しかしその逆に、食事にお金を使うことにストレスを感じるようになったそうです。

そんな折に、同僚からお誘いの声がかかります。

「うちは通販の会社なので、同僚もみんな通販好き。コロナ禍で外出できなくなってからは、みんなそれぞれにお取り寄せグルメを楽しんでいるのは知ってました。ある日、同僚の一人が『オンラインでお取り寄せグルメをリモートランチで楽しむ会をしよう!』と言い出したんです」

食費を削ることが楽しみになっていたAさんは、この誘いを断ります。
そのあとも何度か誘われましたが、ずっと断り続けているうちに、声もかからなくなったそうです。
当時はこの決断に何の疑問も抱かなかったAさんでしたが、数か月後、思わぬ事態に見舞われます。
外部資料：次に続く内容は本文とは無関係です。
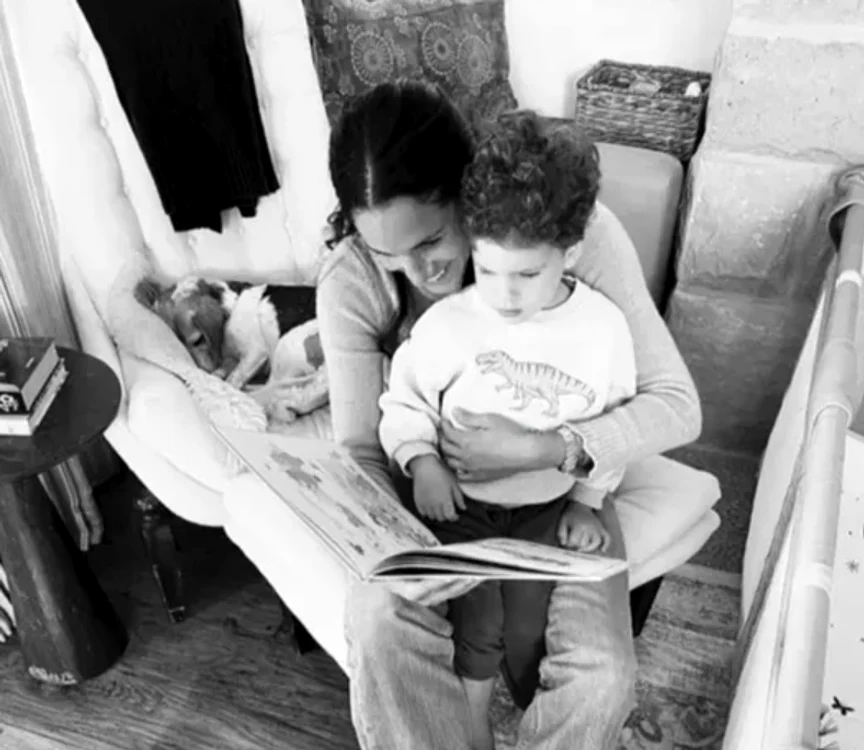 meghan markle si archie (1) jpg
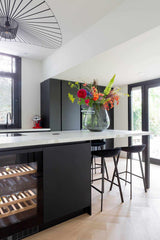 Strakke zwart-wit keuken-Keukenstudio Stormink-Keuken-OBLY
「久しぶりにオフィス勤務すると、同僚とどうも話が噛み合わなくて。よく話を聞くと、お取り寄せグルメを楽しむ会はその後も定期的に行われていたそうで、近況報告をしたり、仕事で困ってることを共有したりして、とても強い結束が生まれていたんです。その集いにまったく参加していなかった私は、一人だけ蚊帳の外ですごく焦りました」

Aさんはそれから、節約の方法を見直したそうです。

「ランチとかお茶代って、単純に食事やお茶にお金を払っている訳じゃないんですよね。食事をともにする人との関係を維持するコストなんです。そのことに気づいてからは、ランチ代を0にすることじゃなく、メリハリをつけるよう意識するようになりました。オンラインのランチ会にも遅ればせながら参加でき、人間関係も仕事も、前よりスムーズになった気がします」

節約を考えるときに、多くの人がまっさきに削ろうとするのが外食費。
しかし、外食費は人間関係を維持するのにも必要な経費であることを覚えておきたいですね。
考え無しにお金を使わないのではなく、本当に必要な経費かどうかを見極めて使う力を身につけたいものです。

美容代節約のつもりが散財することに

続いては、コロナ禍で人と会う機会が減ったのを機に美容代を節約したつもりが、結果的にコストがかかってしまったというBさん(仮名・30代会社員・女性)のエピソードをご紹介します。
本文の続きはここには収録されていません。